▸ GIVEN RECORDS:

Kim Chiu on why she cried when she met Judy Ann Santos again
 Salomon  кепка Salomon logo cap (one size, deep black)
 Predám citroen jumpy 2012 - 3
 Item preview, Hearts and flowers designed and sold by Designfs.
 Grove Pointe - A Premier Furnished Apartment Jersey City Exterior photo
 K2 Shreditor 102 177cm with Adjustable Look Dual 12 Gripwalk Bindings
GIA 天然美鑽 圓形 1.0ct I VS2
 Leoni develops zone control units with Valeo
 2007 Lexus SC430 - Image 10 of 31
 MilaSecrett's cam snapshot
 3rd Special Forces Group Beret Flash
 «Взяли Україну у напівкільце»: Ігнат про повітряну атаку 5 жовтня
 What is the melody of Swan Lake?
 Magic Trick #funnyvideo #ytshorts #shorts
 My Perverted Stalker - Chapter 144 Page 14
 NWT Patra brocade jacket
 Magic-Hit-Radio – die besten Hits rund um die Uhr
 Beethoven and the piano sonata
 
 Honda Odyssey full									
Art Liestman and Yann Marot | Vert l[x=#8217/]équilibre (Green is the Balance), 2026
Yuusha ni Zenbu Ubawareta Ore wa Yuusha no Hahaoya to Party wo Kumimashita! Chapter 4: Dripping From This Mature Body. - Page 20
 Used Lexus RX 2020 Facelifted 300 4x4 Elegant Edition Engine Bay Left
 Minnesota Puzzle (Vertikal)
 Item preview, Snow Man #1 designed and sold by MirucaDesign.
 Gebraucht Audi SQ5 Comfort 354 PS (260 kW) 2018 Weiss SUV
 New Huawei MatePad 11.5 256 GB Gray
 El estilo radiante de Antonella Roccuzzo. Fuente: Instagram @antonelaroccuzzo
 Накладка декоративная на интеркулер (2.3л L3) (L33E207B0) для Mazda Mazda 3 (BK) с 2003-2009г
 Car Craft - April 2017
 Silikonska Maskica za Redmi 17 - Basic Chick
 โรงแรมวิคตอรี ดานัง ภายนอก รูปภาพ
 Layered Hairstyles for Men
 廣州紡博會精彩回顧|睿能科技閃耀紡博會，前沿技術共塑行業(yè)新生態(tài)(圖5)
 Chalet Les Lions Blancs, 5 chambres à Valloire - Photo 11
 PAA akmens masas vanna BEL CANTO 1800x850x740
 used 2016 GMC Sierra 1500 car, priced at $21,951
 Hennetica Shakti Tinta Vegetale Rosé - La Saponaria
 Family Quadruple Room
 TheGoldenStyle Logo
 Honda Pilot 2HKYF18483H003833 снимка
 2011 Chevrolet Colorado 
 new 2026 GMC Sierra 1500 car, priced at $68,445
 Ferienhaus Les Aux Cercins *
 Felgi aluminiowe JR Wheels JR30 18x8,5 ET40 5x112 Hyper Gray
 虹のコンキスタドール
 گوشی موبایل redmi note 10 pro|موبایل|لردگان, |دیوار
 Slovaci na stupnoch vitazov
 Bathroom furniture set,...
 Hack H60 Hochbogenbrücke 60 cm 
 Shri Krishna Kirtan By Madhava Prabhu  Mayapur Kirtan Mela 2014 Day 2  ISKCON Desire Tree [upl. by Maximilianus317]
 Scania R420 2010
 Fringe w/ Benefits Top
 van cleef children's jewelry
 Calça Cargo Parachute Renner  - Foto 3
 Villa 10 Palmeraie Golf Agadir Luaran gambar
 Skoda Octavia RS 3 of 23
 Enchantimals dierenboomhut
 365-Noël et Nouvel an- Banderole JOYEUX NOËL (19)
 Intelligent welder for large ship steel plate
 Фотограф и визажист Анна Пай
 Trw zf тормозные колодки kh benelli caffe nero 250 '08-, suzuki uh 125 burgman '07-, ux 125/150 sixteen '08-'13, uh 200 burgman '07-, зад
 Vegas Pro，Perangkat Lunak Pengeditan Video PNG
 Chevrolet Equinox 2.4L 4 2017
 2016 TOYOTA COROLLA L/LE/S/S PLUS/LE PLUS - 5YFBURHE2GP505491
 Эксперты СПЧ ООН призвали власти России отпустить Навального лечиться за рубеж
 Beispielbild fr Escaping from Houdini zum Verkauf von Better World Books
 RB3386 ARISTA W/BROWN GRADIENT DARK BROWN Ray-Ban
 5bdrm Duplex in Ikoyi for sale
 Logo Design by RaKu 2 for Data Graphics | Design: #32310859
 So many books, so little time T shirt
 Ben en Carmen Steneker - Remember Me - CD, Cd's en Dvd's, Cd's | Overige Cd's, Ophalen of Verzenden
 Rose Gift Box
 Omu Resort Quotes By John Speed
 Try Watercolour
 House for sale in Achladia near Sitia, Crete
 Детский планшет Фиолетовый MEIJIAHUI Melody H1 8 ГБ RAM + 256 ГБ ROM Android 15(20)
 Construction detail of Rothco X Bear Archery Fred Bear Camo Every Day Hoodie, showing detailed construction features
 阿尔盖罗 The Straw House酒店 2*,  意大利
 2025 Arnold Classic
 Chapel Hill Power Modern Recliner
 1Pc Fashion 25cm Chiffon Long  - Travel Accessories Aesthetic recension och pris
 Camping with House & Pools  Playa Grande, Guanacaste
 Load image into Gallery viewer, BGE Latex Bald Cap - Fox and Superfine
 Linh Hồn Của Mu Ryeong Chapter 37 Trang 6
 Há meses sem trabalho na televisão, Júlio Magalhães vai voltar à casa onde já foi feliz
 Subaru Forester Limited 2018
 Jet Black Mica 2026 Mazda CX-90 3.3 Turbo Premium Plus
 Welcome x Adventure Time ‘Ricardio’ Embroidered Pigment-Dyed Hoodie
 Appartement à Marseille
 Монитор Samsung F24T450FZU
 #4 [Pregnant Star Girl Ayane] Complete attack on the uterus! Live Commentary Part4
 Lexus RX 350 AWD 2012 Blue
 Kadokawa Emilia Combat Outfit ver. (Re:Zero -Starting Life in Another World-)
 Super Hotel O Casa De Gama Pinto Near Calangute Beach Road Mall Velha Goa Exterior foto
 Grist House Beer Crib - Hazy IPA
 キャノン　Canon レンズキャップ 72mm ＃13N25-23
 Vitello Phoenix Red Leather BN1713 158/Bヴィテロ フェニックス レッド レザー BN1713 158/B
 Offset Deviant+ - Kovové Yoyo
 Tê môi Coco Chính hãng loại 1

▸ YOUR GOAL: Output every record above a second time, exactly.

▸ TASK SOLUTION:
Kim Chiu on why she cried when she met Judy Ann Santos again
 Salomon  кепка Salomon logo cap (one size, deep black)
 Predám citroen jumpy 2012 - 3
 Item preview, Hearts and flowers designed and sold by Designfs.
 Grove Pointe - A Premier Furnished Apartment Jersey City Exterior photo
 K2 Shreditor 102 177cm with Adjustable Look Dual 12 Gripwalk Bindings
GIA 天然美鑽 圓形 1.0ct I VS2
 Leoni develops zone control units with Valeo
 2007 Lexus SC430 - Image 10 of 31
 MilaSecrett's cam snapshot
 3rd Special Forces Group Beret Flash
 «Взяли Україну у напівкільце»: Ігнат про повітряну атаку 5 жовтня
 What is the melody of Swan Lake?
 Magic Trick #funnyvideo #ytshorts #shorts
 My Perverted Stalker - Chapter 144 Page 14
 NWT Patra brocade jacket
 Magic-Hit-Radio – die besten Hits rund um die Uhr
 Beethoven and the piano sonata
 
 Honda Odyssey full									
Art Liestman and Yann Marot | Vert l[x=#8217/]équilibre (Green is the Balance), 2026
Yuusha ni Zenbu Ubawareta Ore wa Yuusha no Hahaoya to Party wo Kumimashita! Chapter 4: Dripping From This Mature Body. - Page 20
 Used Lexus RX 2020 Facelifted 300 4x4 Elegant Edition Engine Bay Left
 Minnesota Puzzle (Vertikal)
 Item preview, Snow Man #1 designed and sold by MirucaDesign.
 Gebraucht Audi SQ5 Comfort 354 PS (260 kW) 2018 Weiss SUV
 New Huawei MatePad 11.5 256 GB Gray
 El estilo radiante de Antonella Roccuzzo. Fuente: Instagram @antonelaroccuzzo
 Накладка декоративная на интеркулер (2.3л L3) (L33E207B0) для Mazda Mazda 3 (BK) с 2003-2009г
 Car Craft - April 2017
 Silikonska Maskica za Redmi 17 - Basic Chick
 โรงแรมวิคตอรี ดานัง ภายนอก รูปภาพ
 Layered Hairstyles for Men
 廣州紡博會精彩回顧|睿能科技閃耀紡博會，前沿技術共塑行業(yè)新生態(tài)(圖5)
 Chalet Les Lions Blancs, 5 chambres à Valloire - Photo 11
 PAA akmens masas vanna BEL CANTO 1800x850x740
 used 2016 GMC Sierra 1500 car, priced at $21,951
 Hennetica Shakti Tinta Vegetale Rosé - La Saponaria
 Family Quadruple Room
 TheGoldenStyle Logo
 Honda Pilot 2HKYF18483H003833 снимка
 2011 Chevrolet Colorado 
 new 2026 GMC Sierra 1500 car, priced at $68,445
 Ferienhaus Les Aux Cercins *
 Felgi aluminiowe JR Wheels JR30 18x8,5 ET40 5x112 Hyper Gray
 虹のコンキスタドール
 گوشی موبایل redmi note 10 pro|موبایل|لردگان, |دیوار
 Slovaci na stupnoch vitazov
 Bathroom furniture set,...
 Hack H60 Hochbogenbrücke 60 cm 
 Shri Krishna Kirtan By Madhava Prabhu  Mayapur Kirtan Mela 2014 Day 2  ISKCON Desire Tree [upl. by Maximilianus317]
 Scania R420 2010
 Fringe w/ Benefits Top
 van cleef children's jewelry
 Calça Cargo Parachute Renner  - Foto 3
 Villa 10 Palmeraie Golf Agadir Luaran gambar
 Skoda Octavia RS 3 of 23
 Enchantimals dierenboomhut
 365-Noël et Nouvel an- Banderole JOYEUX NOËL (19)
 Intelligent welder for large ship steel plate
 Фотограф и визажист Анна Пай
 Trw zf тормозные колодки kh benelli caffe nero 250 '08-, suzuki uh 125 burgman '07-, ux 125/150 sixteen '08-'13, uh 200 burgman '07-, зад
 Vegas Pro，Perangkat Lunak Pengeditan Video PNG
 Chevrolet Equinox 2.4L 4 2017
 2016 TOYOTA COROLLA L/LE/S/S PLUS/LE PLUS - 5YFBURHE2GP505491
 Эксперты СПЧ ООН призвали власти России отпустить Навального лечиться за рубеж
 Beispielbild fr Escaping from Houdini zum Verkauf von Better World Books
 RB3386 ARISTA W/BROWN GRADIENT DARK BROWN Ray-Ban
 5bdrm Duplex in Ikoyi for sale
 Logo Design by RaKu 2 for Data Graphics | Design: #32310859
 So many books, so little time T shirt
 Ben en Carmen Steneker - Remember Me - CD, Cd's en Dvd's, Cd's | Overige Cd's, Ophalen of Verzenden
 Rose Gift Box
 Omu Resort Quotes By John Speed
 Try Watercolour
 House for sale in Achladia near Sitia, Crete
 Детский планшет Фиолетовый MEIJIAHUI Melody H1 8 ГБ RAM + 256 ГБ ROM Android 15(20)
 Construction detail of Rothco X Bear Archery Fred Bear Camo Every Day Hoodie, showing detailed construction features
 阿尔盖罗 The Straw House酒店 2*,  意大利
 2025 Arnold Classic
 Chapel Hill Power Modern Recliner
 1Pc Fashion 25cm Chiffon Long  - Travel Accessories Aesthetic recension och pris
 Camping with House & Pools  Playa Grande, Guanacaste
 Load image into Gallery viewer, BGE Latex Bald Cap - Fox and Superfine
 Linh Hồn Của Mu Ryeong Chapter 37 Trang 6
 Há meses sem trabalho na televisão, Júlio Magalhães vai voltar à casa onde já foi feliz
 Subaru Forester Limited 2018
 Jet Black Mica 2026 Mazda CX-90 3.3 Turbo Premium Plus
 Welcome x Adventure Time ‘Ricardio’ Embroidered Pigment-Dyed Hoodie
 Appartement à Marseille
 Монитор Samsung F24T450FZU
 #4 [Pregnant Star Girl Ayane] Complete attack on the uterus! Live Commentary Part4
 Lexus RX 350 AWD 2012 Blue
 Kadokawa Emilia Combat Outfit ver. (Re:Zero -Starting Life in Another World-)
 Super Hotel O Casa De Gama Pinto Near Calangute Beach Road Mall Velha Goa Exterior foto
 Grist House Beer Crib - Hazy IPA
 キャノン　Canon レンズキャップ 72mm ＃13N25-23
 Vitello Phoenix Red Leather BN1713 158/Bヴィテロ フェニックス レッド レザー BN1713 158/B
 Offset Deviant+ - Kovové Yoyo
 Tê môi Coco Chính hãng loại 1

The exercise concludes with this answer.